# [WHAT TO PRODUCE]
Each line below from the line with "And So The Adventure" to the line with "Model wearing dark" must be copied exactly, including those two, and no picture may appear in the copy.

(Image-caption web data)
Segment Open

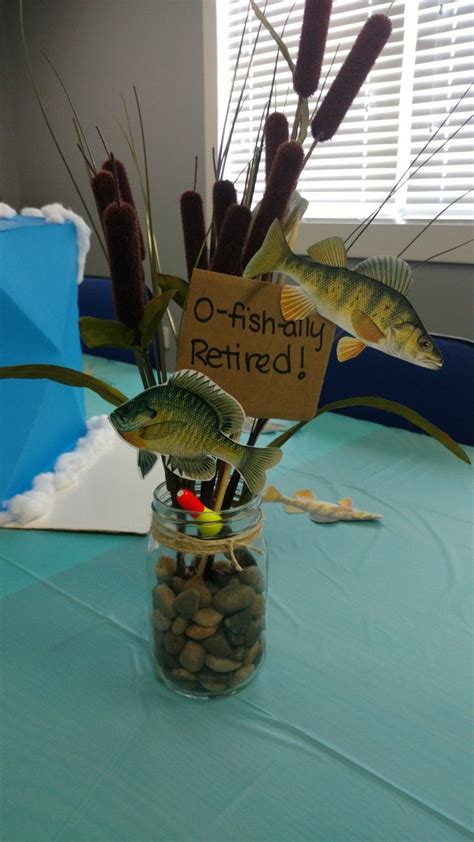 a jar filled with fish and rocks on top of a blue tablecloth covered table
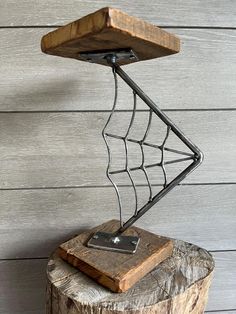 a spider web lamp on top of a tree stump in front of a wooden wall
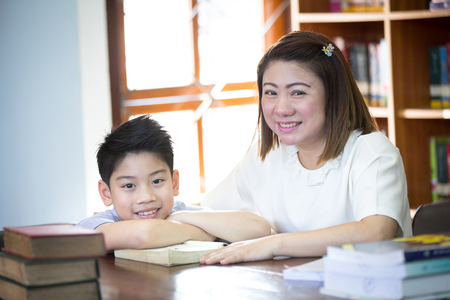 Portrait of happy boy and teacher reading book by bookshelf in libraryの写真素材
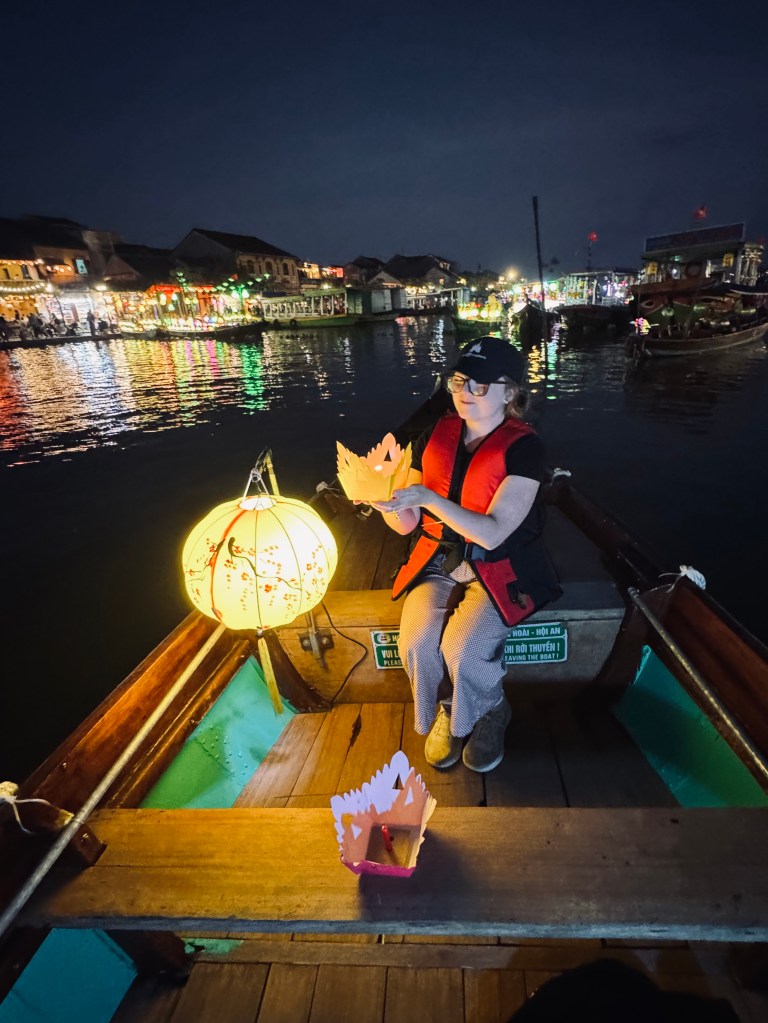 Girl on lantern boat ride in Ancient Town of Hoi An, Vietnam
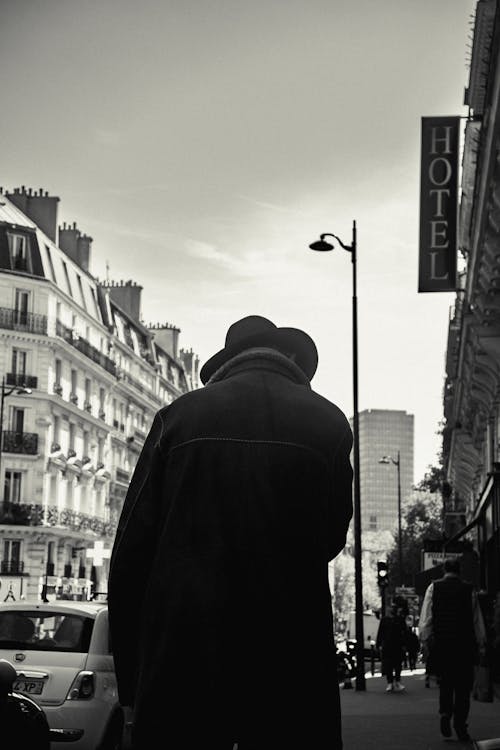 Back of a Person Wearing a Coat Standing on the Street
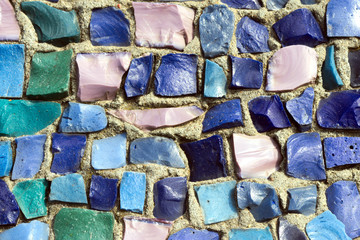 Shards of multicolored glass embedded in concrete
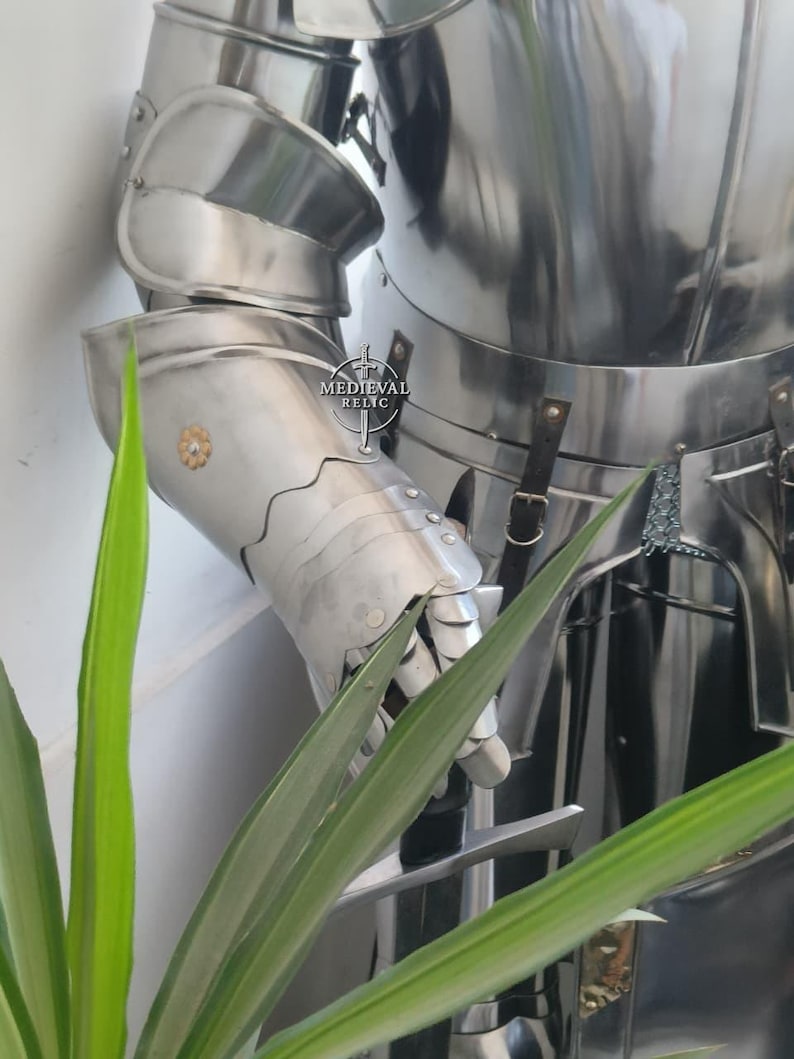 May include: A polished, silver-colored suit of armor, featuring articulated plates for the arms and torso. The armor has a reflective surface and is designed with overlapping segments. The image includes the text "MEDIEVAL RELIC".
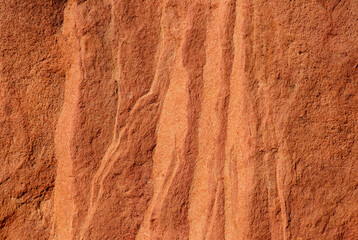 Close-up of red sandstone rock texture featuring natural wavy patterns and rough surface.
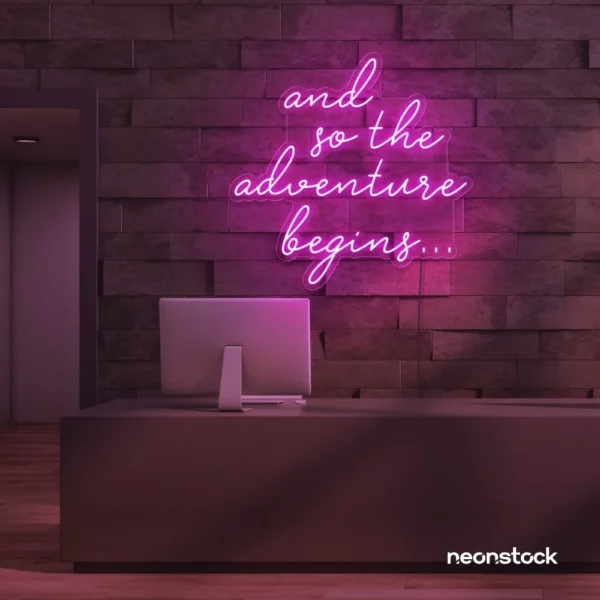 And So The Adventure Begins neon sign in pink for wedding decor, new beginnings, and celebration walls.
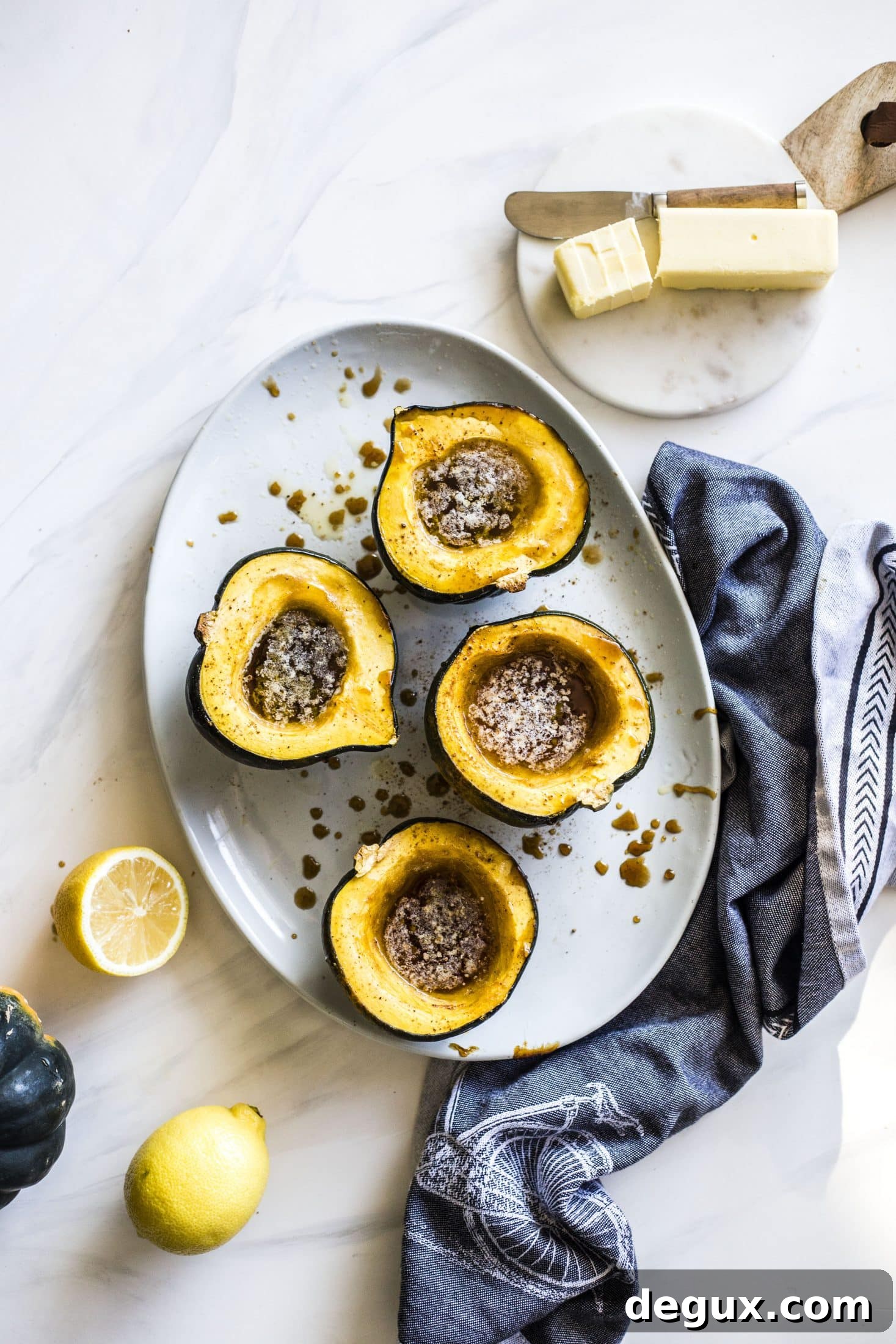 Baked Acorn Squash with Vanilla Bourbon and Balsamic Glaze 7 This baked acorn squash recipe is so delicious for the fall! It's made with vanilla and bourbon, finished with balsamic, is super easy, a bit indulgent and perfect for the season. Makes for a fabulous side dish in autumn or even a dessert! I howsweeteats.com #acorn #squash #baked #vanilla #bourbon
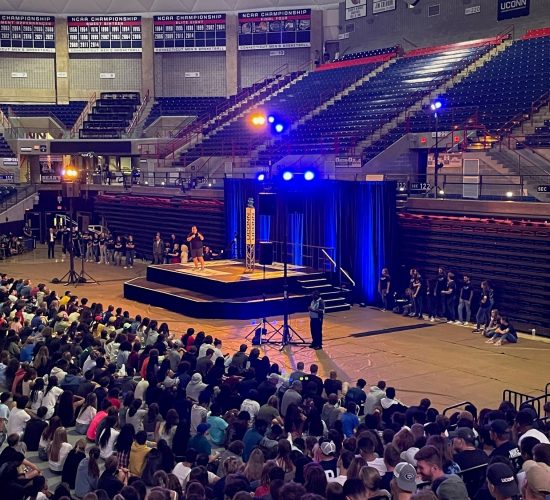 Students gathering around a stage in Gampel Pavilion listening to a speaker at a podium during Convocation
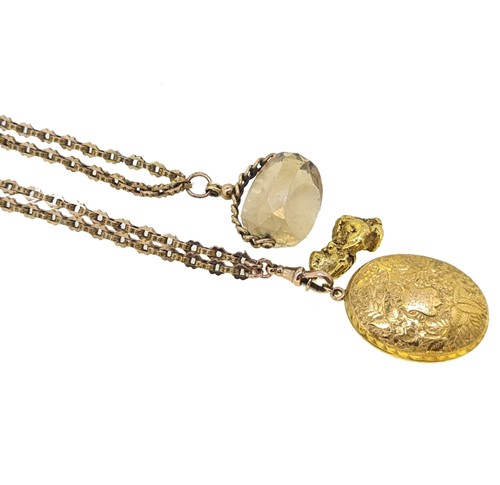 Lot 83 - A guard chain, locket, fob and nugget style pendant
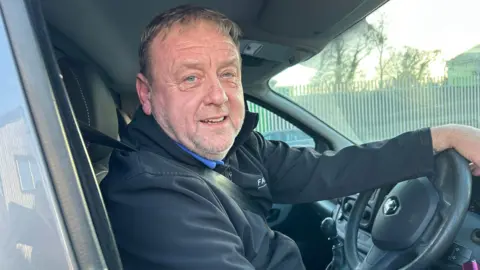 Kate Bradbrook/ BBC A man in a black Fairline branded jacket looks at the camera in the driver's seat of a van.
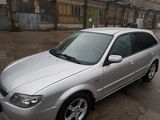 Mazda 323 foto 1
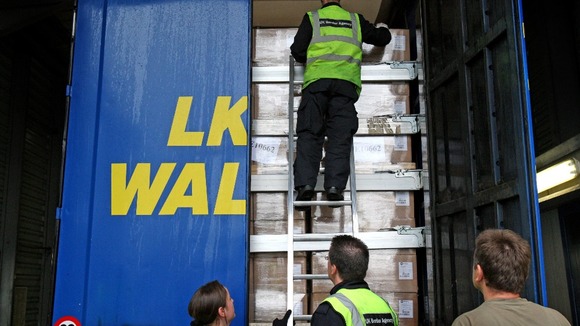 UK Border Control search a lorry trailer for stowaway passengers at Calais Ferry Port in France. Picture date: Monday June 6, 2011.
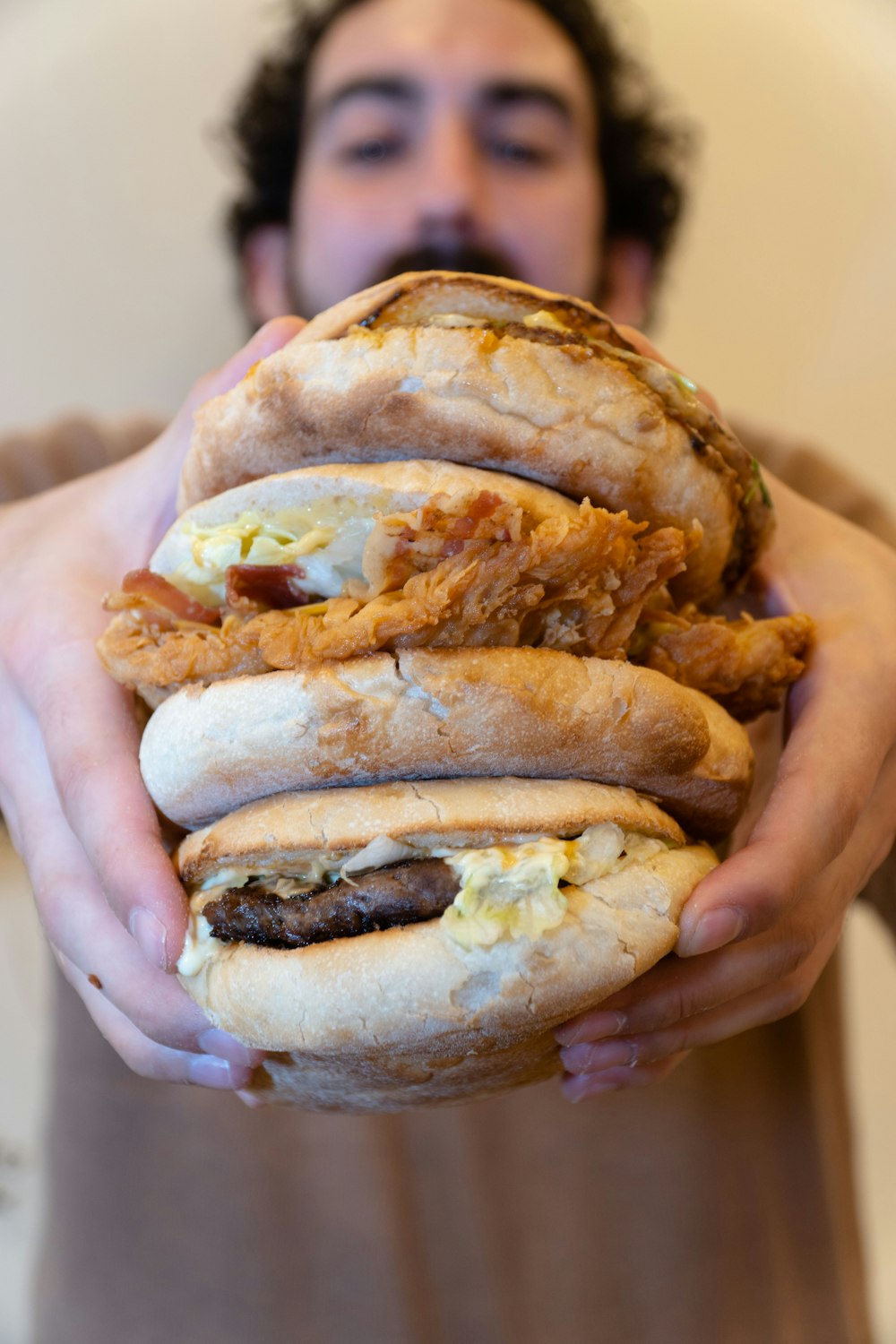 a man holding a large sandwich in his hands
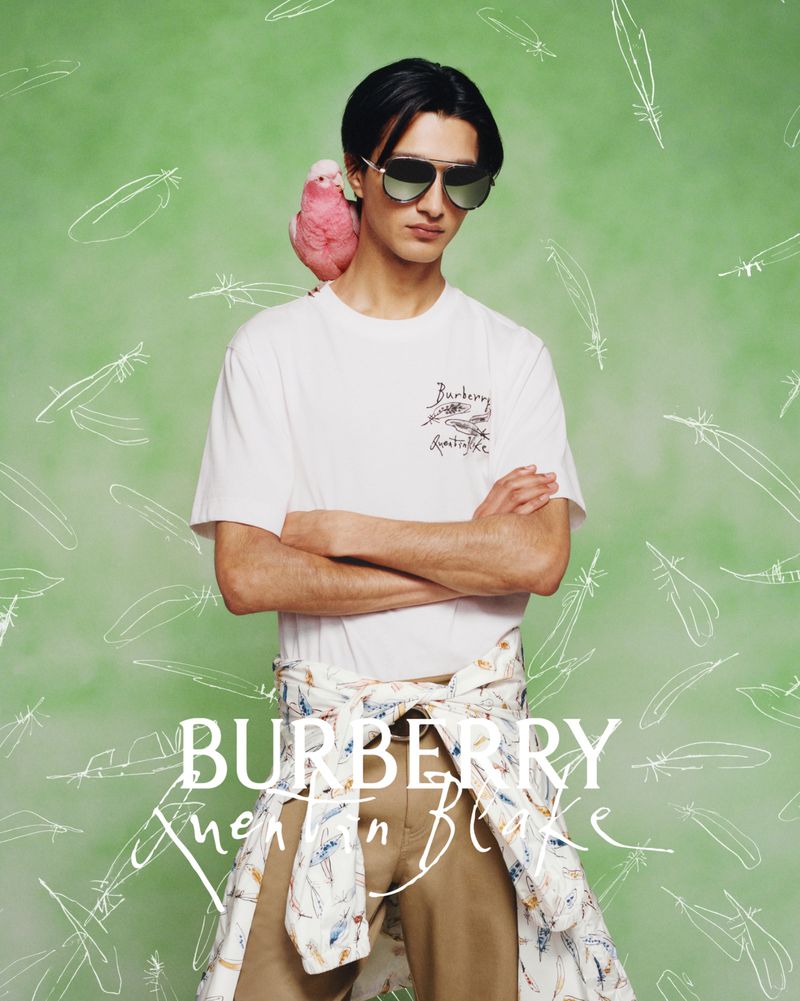 Model wearing dark sunglasses and a white t-shirt with a pink bird on his shoulder against a green illustrated background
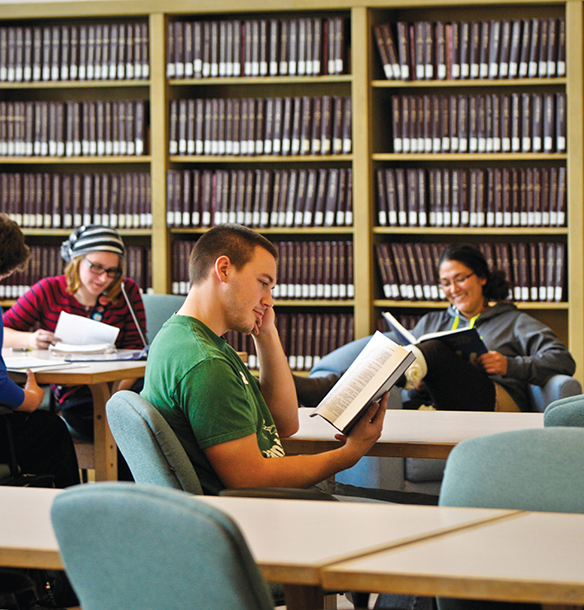 MSJ students sitting at desk in library studying.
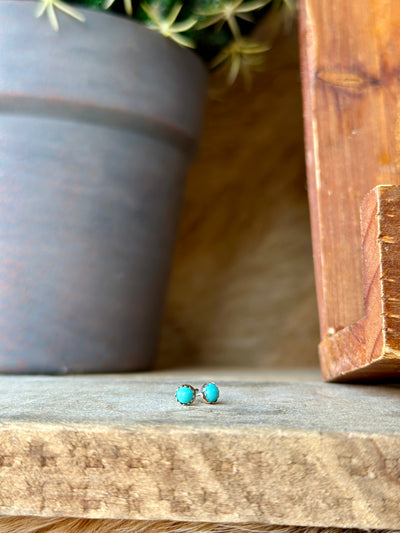 Ikea Tiny Authentic Turquoise Stud Earrings, handcrafted by Navajo artist Linda Yazzie, with 4mm turquoise stones set in sterling silver.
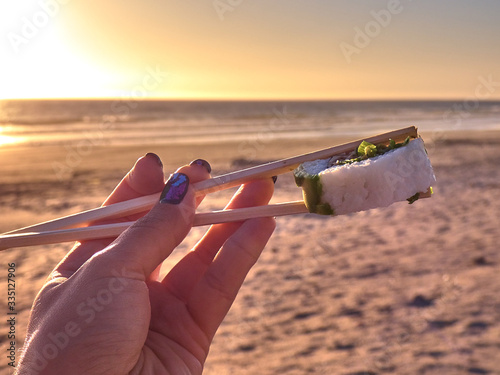 Woman holding sushi at sunset on the beach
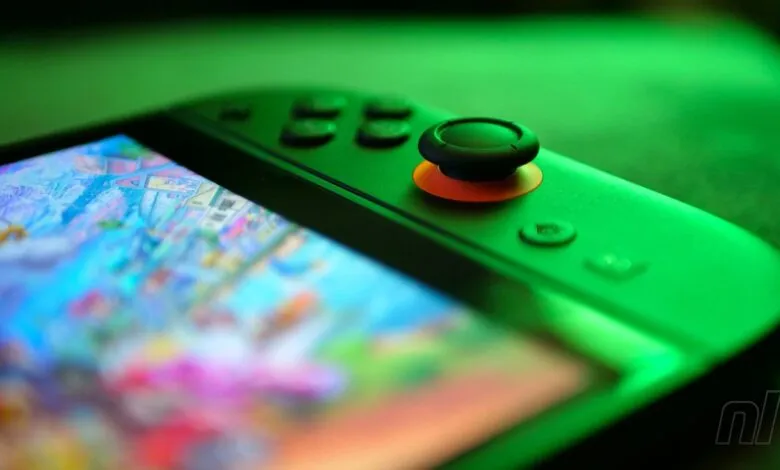 Close-up of a green Nintendo Switch with a game displayed on the screen.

Segment Closed

# [ANSWER AREA]
 And So The Adventure Begins neon sign in pink for wedding decor, new beginnings, and celebration walls.
 Baked Acorn Squash with Vanilla Bourbon and Balsamic Glaze 7 This baked acorn squash recipe is so delicious for the fall! It's made with vanilla and bourbon, finished with balsamic, is super easy, a bit indulgent and perfect for the season. Makes for a fabulous side dish in autumn or even a dessert! I howsweeteats.com #acorn #squash #baked #vanilla #bourbon
 Students gathering around a stage in Gampel Pavilion listening to a speaker at a podium during Convocation
 Lot 83 - A guard chain, locket, fob and nugget style pendant
 Kate Bradbrook/ BBC A man in a black Fairline branded jacket looks at the camera in the driver's seat of a van.
 Mazda 323 foto 1
 UK Border Control search a lorry trailer for stowaway passengers at Calais Ferry Port in France. Picture date: Monday June 6, 2011.
 a man holding a large sandwich in his hands
 Model wearing dark sunglasses and a white t-shirt with a pink bird on his shoulder against a green illustrated background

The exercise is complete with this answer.